- TASK DIRECTIONS
From the entries below, print exactly the span beginning with the line holding "Nice Wing Tattoo On Leg" and ending with the line holding "Interior - Myrtle", endpoints included, and skip any pictures.

- RECORDS SHOWN
/---

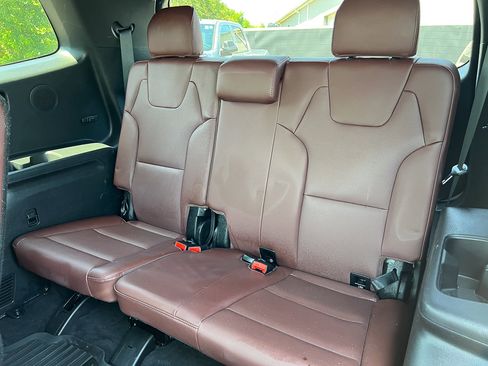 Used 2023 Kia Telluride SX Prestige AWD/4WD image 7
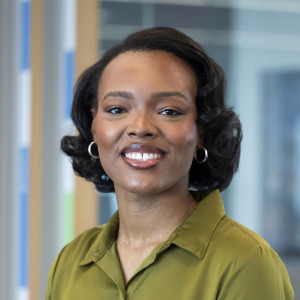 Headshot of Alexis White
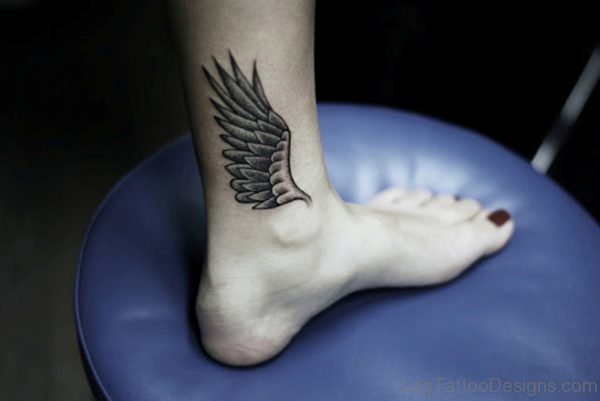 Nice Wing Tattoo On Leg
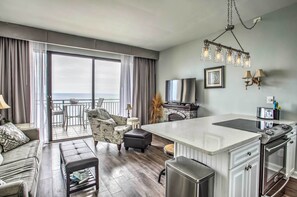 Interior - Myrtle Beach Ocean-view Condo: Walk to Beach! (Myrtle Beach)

\---
/---

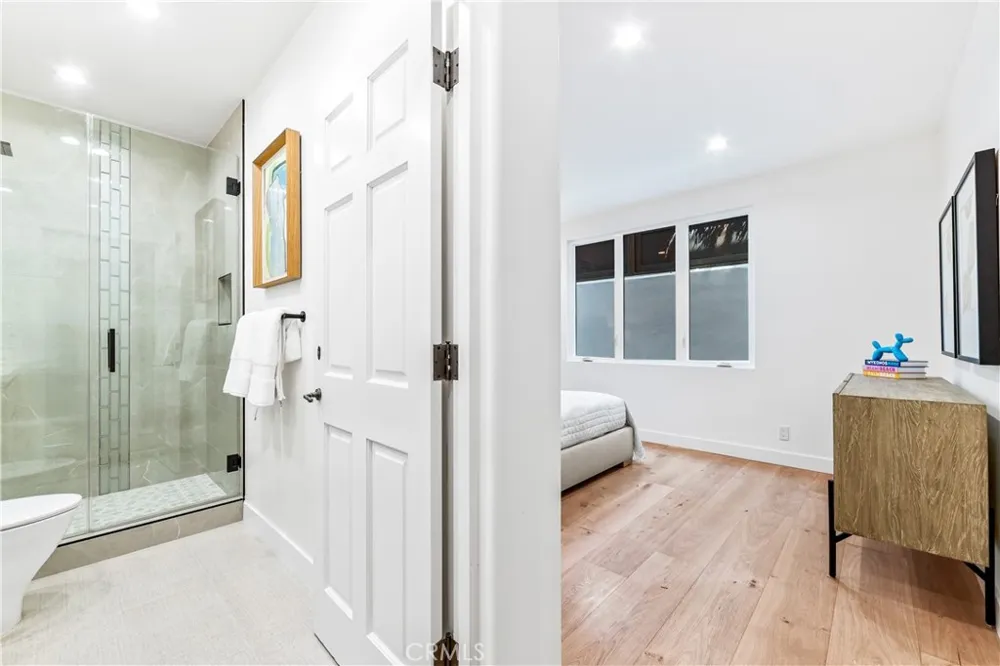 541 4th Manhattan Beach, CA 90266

\---
/---

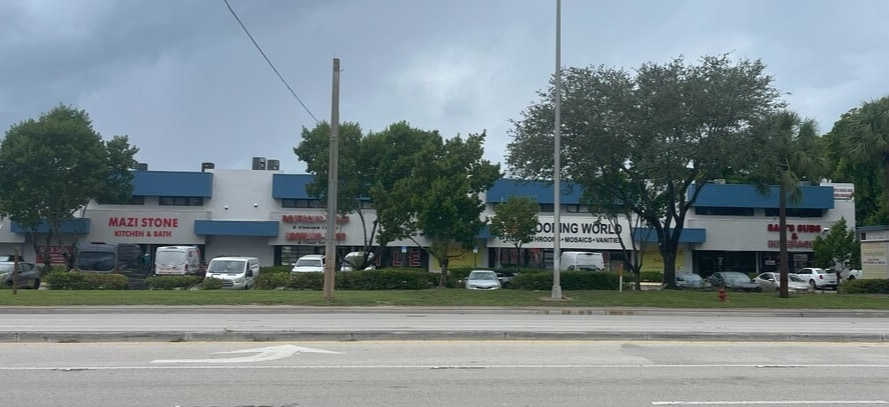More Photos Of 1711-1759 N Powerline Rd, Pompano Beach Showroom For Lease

\---

- RESPONSE FOR THIS EXERCISE
 Nice Wing Tattoo On Leg
 Interior - Myrtle Beach Ocean-view Condo: Walk to Beach! (Myrtle Beach)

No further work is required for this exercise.